__Dataset section__
═══

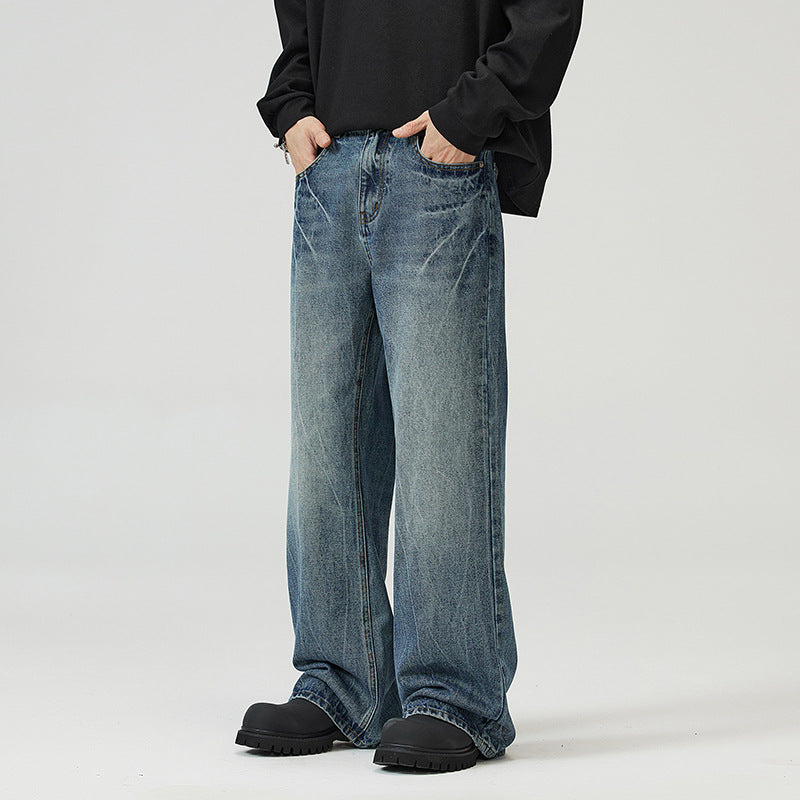LKTM Men's# American vibe Lightning Crack Blue Jeans Men's cleanfit Slightly Slim Pants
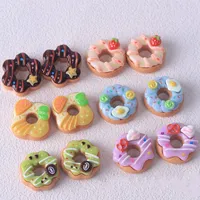 Nouveaux mini-donuts en résine Kawaii à dos plat, cabochons, pièces décoratives, matériaux, breloques décoratives pour scrapbooking, accessoires pour loisirs créatifs et scrapbooking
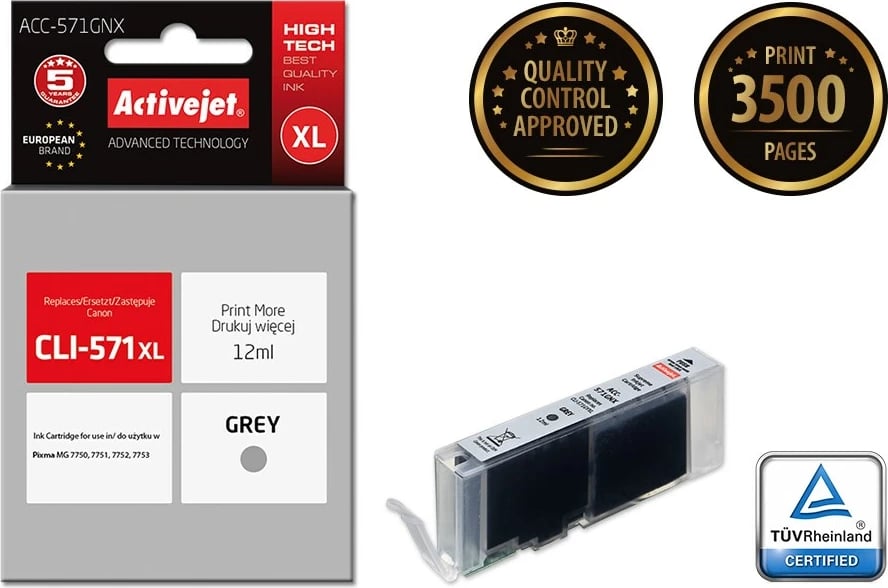 Toner zëvendësues Activejet ACC-571GNX për printer Canon, 12ml, hiri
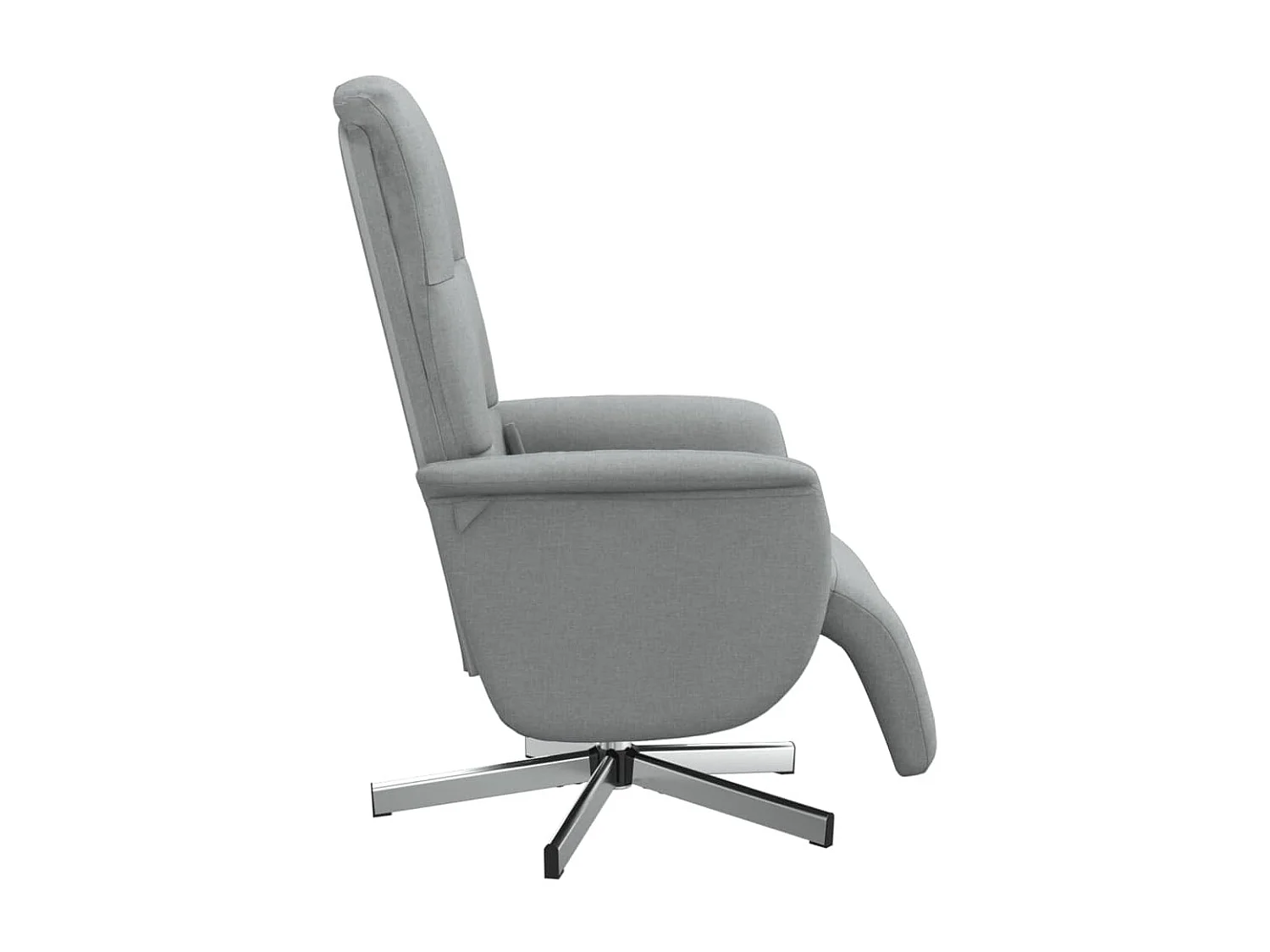 Fauteuil inclinable de massage et repose-pieds gris clair tissu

═══

__Exercise goal__
Repeat the lines above precisely and skip every picture.

__Result__
LKTM Men's# American vibe Lightning Crack Blue Jeans Men's cleanfit Slightly Slim Pants
 Nouveaux mini-donuts en résine Kawaii à dos plat, cabochons, pièces décoratives, matériaux, breloques décoratives pour scrapbooking, accessoires pour loisirs créatifs et scrapbooking
 Toner zëvendësues Activejet ACC-571GNX për printer Canon, 12ml, hiri
 Fauteuil inclinable de massage et repose-pieds gris clair tissu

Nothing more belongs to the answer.